Cela dit, nous sommes conscientes que les élèves rencontrés sont en plein développement de leur potentiel de communication, dont la capacité à s’exprimer verbalement et que cette capacité peut avoir une incidence sur l’accès aux détails lors des entretiens d’explicitation. Comme le soulève Schoenfeld (1982), l’entrevue peut être une source de stress pour l’élève. Puisque les conditions nous semblaient moins familières qu’un questionnaire écrit, nous avons joint à l’entretien une autre technique que nous jugeons complémentaire et que nous nommons « je fais comme toi ». Pour ce faire, la chercheure propose de reproduire fidèlement la solution de l’élève sur une autre feuille, au fur et à mesure que l’élève lui raconte l’action. Cette façon de faire privilégie les échanges entre l’élève et la chercheure.

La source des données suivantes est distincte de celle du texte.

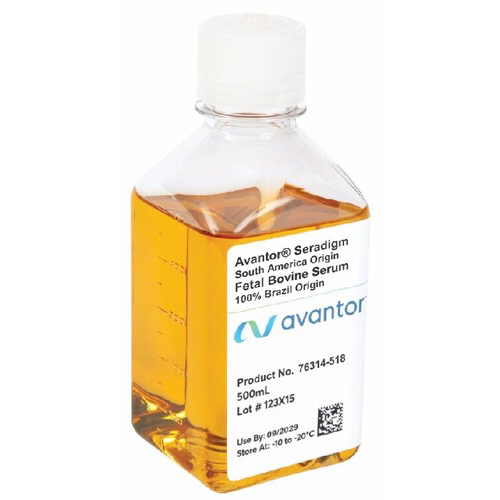 Fetal Bovine Serum, Gamma Irradiated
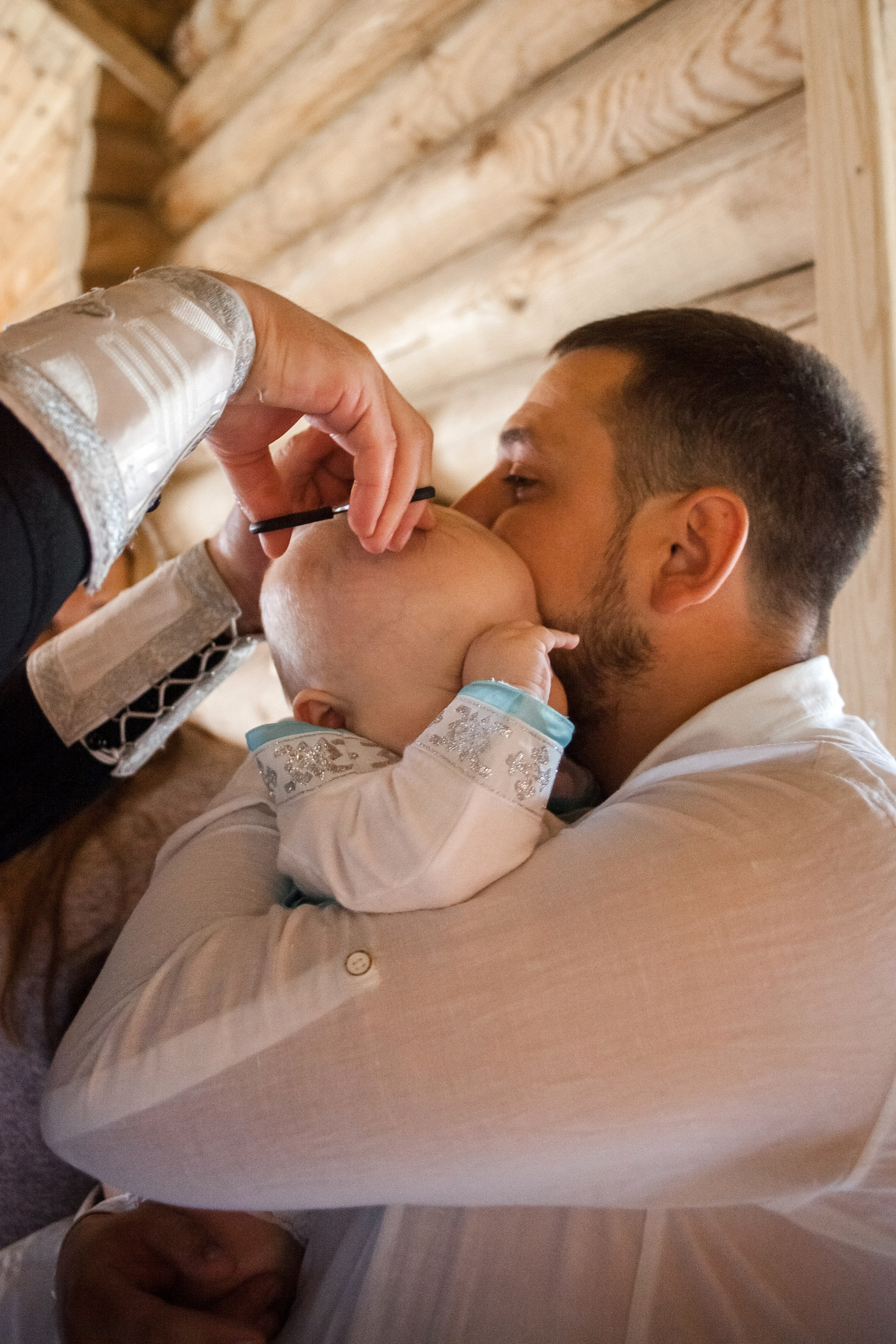 Таинство Крещения Матвея. Портретный, семейный, свадебный фотограф в Брянске Маргарита Василькова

Cette technique s’inspire de la pratique d’une enseignante du primaire rapportée par Vézina et Suurtamm (2008). Comme Vézina et Suurtamm (2008) le mentionnent, « cette méthode semble être efficace pour encourager les élèves à communiquer de façon très explicite la démarche utilisée, ce qui permet de la reproduire le plus fidèlement possible » (p.265). Cet appui facilite l’entrée dans l’entretien d’explicitation pour les élèves et favorise, de notre point de vue, les retours sur certains moments de la résolution.